Say you’re the president of Diamond Staffing Services. One morning, your phone is flooded with Twitter notifications. A few taps leads you to the source of the buzz: Someone opened a Twitter account parodying your company’s name and tweeted: “Work for Diamond? Pregnant = fired. We’re Diamond – we don’t care, LOL!” The tweet links to your company’s official Twitter account. Livid, you instruct your attorney to file a defamation lawsuit. Not so fast, your attorney says. First, you need to know who you’re suing, and the Twitter account was probably opened using fake information. What do you do?

This scenario is becoming more common as disgruntled employees and customers take to social media sites to air their grievances. Such users often post anonymously, and they have a First Amendment right to do so. To discover the identity of anonymous users, one must overcome First Amendment protections for anonymous speech.
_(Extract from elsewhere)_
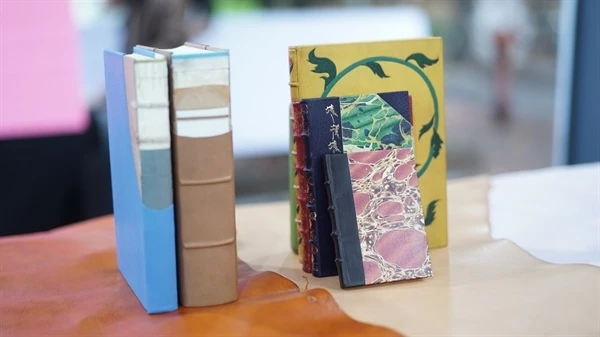 Cộng đồng nghệ nhân và người yêu đồ “hand made” vẫn tìm kiếm, kỳ vọng vào sự độc đáo và cá nhân hóa từ những cuốn sách được chế tác thủ công Nâng tầm giá trị sách.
A recent case illustrates the challenges of suing for defamation based on anonymous online statements. In Music Group Macao Commercial Offshore Ltd v. Does, 2015 WL 75073 (N.D. Cal. Mar. 2, 2015), a Washington-based company (Music Group) alleged that the defendants used anonymous Twitter accounts to defame the company and its CEO. Among other things, the anonymous users tweeted that Music Group “designs its products to break in 3-6 months,” “encourages domestic violence and misogyny,” and that its CEO “engages with prostitutes.” Music Group originally subpoenaed Twitter in Washington to reveal “the name, address, email address and any proxy address” of owners of the accounts. Twitter, which is based in San Francisco, did not agree to have a court in Washington decide wither it had to comply with the subpoenas. Music Group then filed a miscellaneous proceeding in the district court in the Northern District of California to enforce the subpoenas.

The district court initially granted Music Group’s motion to enforce the subpoena, but after reviewing an amicus brief filed by Public Citizen, Inc. (a public interest law firm), the court corrected its order and denied the motion. The court first took stock of the various tests used by courts in analyzing First Amendment protection of anonymous online speech. The court chose to apply a test that focuses on the nature of the speech. Under that test, a party seeking to discovery the identity of an anonymous speaker must first persuade the court that there is a “real evidentiary basis” for believing that the defendant has engaged in wrongful conduct that has caused real harm to the plaintiff’s interests. If the plaintiff makes this showing, then the court must weigh the harm to the plaintiff caused by allowing the speaker to remain anonymous versus the harm to the speaker’s interests in anonymity.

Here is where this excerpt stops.